ACTIVITY
Would you repeat all of the records underneath, exactly as written?

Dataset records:
☆ ☆ ☆ ☆ ☆ ☆ ☆
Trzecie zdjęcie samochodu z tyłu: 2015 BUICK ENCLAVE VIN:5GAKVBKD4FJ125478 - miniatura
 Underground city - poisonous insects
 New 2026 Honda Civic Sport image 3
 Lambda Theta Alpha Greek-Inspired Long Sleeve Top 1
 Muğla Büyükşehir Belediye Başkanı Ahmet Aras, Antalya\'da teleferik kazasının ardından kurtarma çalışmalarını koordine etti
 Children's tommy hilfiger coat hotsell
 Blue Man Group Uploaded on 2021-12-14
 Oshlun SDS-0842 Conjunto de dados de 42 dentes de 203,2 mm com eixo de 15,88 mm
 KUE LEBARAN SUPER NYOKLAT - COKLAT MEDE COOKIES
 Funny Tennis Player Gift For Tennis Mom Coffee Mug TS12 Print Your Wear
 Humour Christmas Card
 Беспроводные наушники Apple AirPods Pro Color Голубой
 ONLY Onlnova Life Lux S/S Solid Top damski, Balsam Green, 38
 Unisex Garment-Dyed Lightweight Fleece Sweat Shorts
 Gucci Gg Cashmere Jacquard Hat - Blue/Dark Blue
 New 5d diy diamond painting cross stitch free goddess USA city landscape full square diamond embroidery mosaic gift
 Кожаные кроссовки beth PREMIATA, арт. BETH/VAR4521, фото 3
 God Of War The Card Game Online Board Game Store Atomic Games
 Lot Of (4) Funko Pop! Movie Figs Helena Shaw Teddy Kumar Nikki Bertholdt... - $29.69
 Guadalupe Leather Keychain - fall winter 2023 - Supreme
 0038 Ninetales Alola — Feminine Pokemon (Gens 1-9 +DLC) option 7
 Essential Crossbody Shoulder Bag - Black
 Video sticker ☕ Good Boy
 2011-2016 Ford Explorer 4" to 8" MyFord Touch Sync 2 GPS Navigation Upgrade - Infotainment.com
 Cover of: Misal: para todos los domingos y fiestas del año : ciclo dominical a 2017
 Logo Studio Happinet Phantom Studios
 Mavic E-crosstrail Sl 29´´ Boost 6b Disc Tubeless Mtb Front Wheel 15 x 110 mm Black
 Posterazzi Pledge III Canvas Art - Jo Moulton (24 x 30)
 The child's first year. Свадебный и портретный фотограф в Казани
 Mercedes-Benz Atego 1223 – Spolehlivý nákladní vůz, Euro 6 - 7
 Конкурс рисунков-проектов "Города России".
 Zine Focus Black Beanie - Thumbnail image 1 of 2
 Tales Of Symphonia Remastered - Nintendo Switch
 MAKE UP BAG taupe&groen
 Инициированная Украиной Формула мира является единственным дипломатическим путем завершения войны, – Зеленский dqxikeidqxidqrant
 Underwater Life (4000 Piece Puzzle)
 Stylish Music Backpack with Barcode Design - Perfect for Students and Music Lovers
☆ ☆ ☆ ☆ ☆ ☆ ☆
RESULT BELOW
Trzecie zdjęcie samochodu z tyłu: 2015 BUICK ENCLAVE VIN:5GAKVBKD4FJ125478 - miniatura
 Underground city - poisonous insects
 New 2026 Honda Civic Sport image 3
 Lambda Theta Alpha Greek-Inspired Long Sleeve Top 1
 Muğla Büyükşehir Belediye Başkanı Ahmet Aras, Antalya\'da teleferik kazasının ardından kurtarma çalışmalarını koordine etti
 Children's tommy hilfiger coat hotsell
 Blue Man Group Uploaded on 2021-12-14
 Oshlun SDS-0842 Conjunto de dados de 42 dentes de 203,2 mm com eixo de 15,88 mm
 KUE LEBARAN SUPER NYOKLAT - COKLAT MEDE COOKIES
 Funny Tennis Player Gift For Tennis Mom Coffee Mug TS12 Print Your Wear
 Humour Christmas Card
 Беспроводные наушники Apple AirPods Pro Color Голубой
 ONLY Onlnova Life Lux S/S Solid Top damski, Balsam Green, 38
 Unisex Garment-Dyed Lightweight Fleece Sweat Shorts
 Gucci Gg Cashmere Jacquard Hat - Blue/Dark Blue
 New 5d diy diamond painting cross stitch free goddess USA city landscape full square diamond embroidery mosaic gift
 Кожаные кроссовки beth PREMIATA, арт. BETH/VAR4521, фото 3
 God Of War The Card Game Online Board Game Store Atomic Games
 Lot Of (4) Funko Pop! Movie Figs Helena Shaw Teddy Kumar Nikki Bertholdt... - $29.69
 Guadalupe Leather Keychain - fall winter 2023 - Supreme
 0038 Ninetales Alola — Feminine Pokemon (Gens 1-9 +DLC) option 7
 Essential Crossbody Shoulder Bag - Black
 Video sticker ☕ Good Boy
 2011-2016 Ford Explorer 4" to 8" MyFord Touch Sync 2 GPS Navigation Upgrade - Infotainment.com
 Cover of: Misal: para todos los domingos y fiestas del año : ciclo dominical a 2017
 Logo Studio Happinet Phantom Studios
 Mavic E-crosstrail Sl 29´´ Boost 6b Disc Tubeless Mtb Front Wheel 15 x 110 mm Black
 Posterazzi Pledge III Canvas Art - Jo Moulton (24 x 30)
 The child's first year. Свадебный и портретный фотограф в Казани
 Mercedes-Benz Atego 1223 – Spolehlivý nákladní vůz, Euro 6 - 7
 Конкурс рисунков-проектов "Города России".
 Zine Focus Black Beanie - Thumbnail image 1 of 2
 Tales Of Symphonia Remastered - Nintendo Switch
 MAKE UP BAG taupe&groen
 Инициированная Украиной Формула мира является единственным дипломатическим путем завершения войны, – Зеленский dqxikeidqxidqrant
 Underwater Life (4000 Piece Puzzle)
 Stylish Music Backpack with Barcode Design - Perfect for Students and Music Lovers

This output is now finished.